En realidad, la conclusión es que la democracia británica, basada en una Constitución no escrita y en los hábitos de siglos de parlamentarismo, ha vuelto a funcionar al servicio del país. La posibilidad apuntada el lunes de un posible pacto entre laboristas y liberal-demócratas, reedición del apoyo parlamentario que permitió gobernar a los laboristas de Harold Wilson y James Callaghan con la anuencia de los liberales entre 1974 y 1979, nunca fue tomada en serio, a pesar de la renuncia de Gordon Brown en un intento de bloquear el acceso al poder de los conservadores. No sólo hubiera sido difícil de vender a la opinión pública una alianza entre dos perdedores -ambos partidos perdieron escaños y los laboristas dos millones de votantes-, sin una mayoría en el Parlamento, sino que, además, la química entre Brown y Clegg era inexistente. Clegg nunca perdonó el tono paternalista con el que el ya ex primer ministro se refería siempre a él en la Cámara. Y para acabar de darle la puntilla, las figuras señeras del laborismo encabezadas por el ex ministro del Interior de Tony Blair, David Blunkett, se opusieron al pacto calificando la decisión de Clegg de iniciar conversaciones simultáneas con los dos grandes partidos de conducta digna de "una meretriz". Y un comentarista del diario de centro-izquierda The Guardian comparó a Clegg con "un bígamo". Palabras mayores en un país donde la costumbre impide utilizar insultos en el lenguaje político y donde, en el Parlamento, en lugar de acusar a un diputado de mentir el adversario dice que "el Muy Honorable caballero utiliza una lexicografía equivocada".

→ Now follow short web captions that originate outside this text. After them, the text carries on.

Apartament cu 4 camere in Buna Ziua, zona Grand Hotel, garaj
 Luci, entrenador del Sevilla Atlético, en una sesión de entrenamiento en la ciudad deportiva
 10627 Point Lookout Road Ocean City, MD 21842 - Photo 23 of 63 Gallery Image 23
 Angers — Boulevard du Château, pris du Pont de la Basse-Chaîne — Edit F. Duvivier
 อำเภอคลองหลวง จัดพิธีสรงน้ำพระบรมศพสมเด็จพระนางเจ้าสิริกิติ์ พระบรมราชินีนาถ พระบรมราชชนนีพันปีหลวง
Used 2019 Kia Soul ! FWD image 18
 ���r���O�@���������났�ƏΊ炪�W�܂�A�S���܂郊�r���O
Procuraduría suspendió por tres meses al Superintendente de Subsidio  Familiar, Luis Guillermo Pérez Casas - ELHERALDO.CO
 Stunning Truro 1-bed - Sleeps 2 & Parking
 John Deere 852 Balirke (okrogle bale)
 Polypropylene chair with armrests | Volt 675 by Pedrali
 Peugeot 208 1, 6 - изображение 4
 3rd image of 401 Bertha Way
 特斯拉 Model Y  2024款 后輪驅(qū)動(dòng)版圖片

Clegg ha conseguido concesiones importantes de los conservadores en materia fiscal, en educación y, sobre todo, un referéndum sobre la reforma electoral que no es el sistema proporcional que deseaban, pero es más justo que el actual. Cameron ha cedido mucho y algunos diputados conservadores probablemente le pasarán factura. Pero Cameron ha conseguido lo que desea todo político: el poder para él y los puestos clave del Gabinete, Asuntos Exteriores y Hacienda, para su partido, Hace falta ver qué funciones exactas se asignan a Clegg como viceprimer ministro. Si va a ser una figura ceremonial para sustituir al líder en sus ausencias al exterior tipo vicepresidente de EE UU o si, por el contrario, va a tener mando real. En todo caso, Europa gana con Clegg. Su influencia en el gabinete puede servir de contrapeso al euroescepticismo tory, representado principalmente por el nuevo secretario del Foreign Office. William Hague. Un último apunte. Ambos líderes se han comprometido a mantener la coalición durante cinco años, el periodo parlamentario máximo establecido en Reino Unido. Es la estabilidad que prometen para hacer frente a las reformas que necesita el país. La pregunta es que, si triunfan en sus proyectos, ¿para qué quieren los británicos dos partidos que van a mantener en las elecciones sus distintos programas si se pueden apañar con uno?